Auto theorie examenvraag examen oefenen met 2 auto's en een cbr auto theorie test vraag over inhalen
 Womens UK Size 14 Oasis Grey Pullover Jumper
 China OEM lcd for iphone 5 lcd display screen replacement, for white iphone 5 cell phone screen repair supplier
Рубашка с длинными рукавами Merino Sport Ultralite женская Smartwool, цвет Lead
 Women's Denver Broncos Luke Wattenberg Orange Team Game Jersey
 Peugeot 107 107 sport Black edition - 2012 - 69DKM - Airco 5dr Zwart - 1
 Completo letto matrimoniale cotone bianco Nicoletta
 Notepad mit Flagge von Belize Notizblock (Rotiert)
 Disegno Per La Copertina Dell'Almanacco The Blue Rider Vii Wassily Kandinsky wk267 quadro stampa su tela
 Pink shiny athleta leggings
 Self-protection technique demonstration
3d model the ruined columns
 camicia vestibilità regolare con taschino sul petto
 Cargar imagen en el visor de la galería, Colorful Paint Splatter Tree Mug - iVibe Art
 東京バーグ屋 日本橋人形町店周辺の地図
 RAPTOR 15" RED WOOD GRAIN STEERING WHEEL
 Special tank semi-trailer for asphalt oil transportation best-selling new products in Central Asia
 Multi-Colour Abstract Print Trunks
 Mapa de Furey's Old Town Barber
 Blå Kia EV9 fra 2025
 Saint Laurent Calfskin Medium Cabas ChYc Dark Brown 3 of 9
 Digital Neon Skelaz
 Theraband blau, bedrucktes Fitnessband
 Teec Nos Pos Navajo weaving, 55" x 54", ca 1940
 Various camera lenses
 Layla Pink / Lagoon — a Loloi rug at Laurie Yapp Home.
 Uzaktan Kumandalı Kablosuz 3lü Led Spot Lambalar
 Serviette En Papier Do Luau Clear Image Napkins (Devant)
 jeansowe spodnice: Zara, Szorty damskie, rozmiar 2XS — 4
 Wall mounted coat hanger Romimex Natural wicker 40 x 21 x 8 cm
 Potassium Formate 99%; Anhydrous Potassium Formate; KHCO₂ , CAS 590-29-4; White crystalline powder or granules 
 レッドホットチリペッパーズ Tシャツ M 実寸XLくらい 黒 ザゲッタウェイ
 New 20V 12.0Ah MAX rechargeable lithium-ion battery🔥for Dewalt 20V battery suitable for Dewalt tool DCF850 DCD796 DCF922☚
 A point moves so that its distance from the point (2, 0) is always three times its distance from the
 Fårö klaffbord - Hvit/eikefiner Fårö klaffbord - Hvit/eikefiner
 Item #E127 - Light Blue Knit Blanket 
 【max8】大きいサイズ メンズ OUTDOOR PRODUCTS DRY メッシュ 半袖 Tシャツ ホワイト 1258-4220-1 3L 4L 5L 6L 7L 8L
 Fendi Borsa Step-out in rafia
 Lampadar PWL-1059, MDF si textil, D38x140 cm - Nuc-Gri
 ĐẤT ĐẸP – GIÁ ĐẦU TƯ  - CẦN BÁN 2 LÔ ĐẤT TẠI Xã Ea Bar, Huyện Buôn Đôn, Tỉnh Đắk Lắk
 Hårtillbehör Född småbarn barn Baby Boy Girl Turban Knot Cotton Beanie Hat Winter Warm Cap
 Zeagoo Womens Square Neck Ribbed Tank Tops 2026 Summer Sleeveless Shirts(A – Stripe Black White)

• TASK PROMPT: Each line of the data in which the string "Pink" appears needs to be copied.

• EXERCISE OUTPUT:
 Pink shiny athleta leggings
 Layla Pink / Lagoon — a Loloi rug at Laurie Yapp Home.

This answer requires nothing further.